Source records

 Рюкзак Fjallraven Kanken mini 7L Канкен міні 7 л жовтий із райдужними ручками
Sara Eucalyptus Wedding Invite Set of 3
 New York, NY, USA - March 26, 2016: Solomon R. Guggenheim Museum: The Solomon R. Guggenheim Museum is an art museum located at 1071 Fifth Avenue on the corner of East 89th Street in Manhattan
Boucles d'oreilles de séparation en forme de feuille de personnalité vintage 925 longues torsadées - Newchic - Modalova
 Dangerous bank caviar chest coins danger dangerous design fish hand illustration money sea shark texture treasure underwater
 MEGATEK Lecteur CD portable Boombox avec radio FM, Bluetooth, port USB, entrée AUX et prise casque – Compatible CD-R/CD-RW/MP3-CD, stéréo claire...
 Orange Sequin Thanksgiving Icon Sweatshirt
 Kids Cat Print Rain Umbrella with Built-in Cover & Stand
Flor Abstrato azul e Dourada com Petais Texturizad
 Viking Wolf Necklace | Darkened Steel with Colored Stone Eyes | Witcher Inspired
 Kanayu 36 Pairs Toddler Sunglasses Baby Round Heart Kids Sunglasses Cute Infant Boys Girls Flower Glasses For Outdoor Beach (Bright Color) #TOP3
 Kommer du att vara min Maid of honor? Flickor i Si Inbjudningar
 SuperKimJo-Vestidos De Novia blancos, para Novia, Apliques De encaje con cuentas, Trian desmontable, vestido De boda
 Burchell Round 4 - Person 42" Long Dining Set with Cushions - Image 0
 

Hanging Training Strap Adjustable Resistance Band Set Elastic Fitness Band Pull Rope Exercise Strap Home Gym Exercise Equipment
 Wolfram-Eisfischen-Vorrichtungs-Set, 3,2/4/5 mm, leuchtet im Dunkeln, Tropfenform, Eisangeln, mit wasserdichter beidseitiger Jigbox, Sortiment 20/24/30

** GOAL OF THE EXERCISE **
Every record above must be duplicated exactly.

** WRITTEN RESPONSE **
 Рюкзак Fjallraven Kanken mini 7L Канкен міні 7 л жовтий із райдужними ручками
Sara Eucalyptus Wedding Invite Set of 3
 New York, NY, USA - March 26, 2016: Solomon R. Guggenheim Museum: The Solomon R. Guggenheim Museum is an art museum located at 1071 Fifth Avenue on the corner of East 89th Street in Manhattan
Boucles d'oreilles de séparation en forme de feuille de personnalité vintage 925 longues torsadées - Newchic - Modalova
 Dangerous bank caviar chest coins danger dangerous design fish hand illustration money sea shark texture treasure underwater
 MEGATEK Lecteur CD portable Boombox avec radio FM, Bluetooth, port USB, entrée AUX et prise casque – Compatible CD-R/CD-RW/MP3-CD, stéréo claire...
 Orange Sequin Thanksgiving Icon Sweatshirt
 Kids Cat Print Rain Umbrella with Built-in Cover & Stand
Flor Abstrato azul e Dourada com Petais Texturizad
 Viking Wolf Necklace | Darkened Steel with Colored Stone Eyes | Witcher Inspired
 Kanayu 36 Pairs Toddler Sunglasses Baby Round Heart Kids Sunglasses Cute Infant Boys Girls Flower Glasses For Outdoor Beach (Bright Color) #TOP3
 Kommer du att vara min Maid of honor? Flickor i Si Inbjudningar
 SuperKimJo-Vestidos De Novia blancos, para Novia, Apliques De encaje con cuentas, Trian desmontable, vestido De boda
 Burchell Round 4 - Person 42" Long Dining Set with Cushions - Image 0
 

Hanging Training Strap Adjustable Resistance Band Set Elastic Fitness Band Pull Rope Exercise Strap Home Gym Exercise Equipment
 Wolfram-Eisfischen-Vorrichtungs-Set, 3,2/4/5 mm, leuchtet im Dunkeln, Tropfenform, Eisangeln, mit wasserdichter beidseitiger Jigbox, Sortiment 20/24/30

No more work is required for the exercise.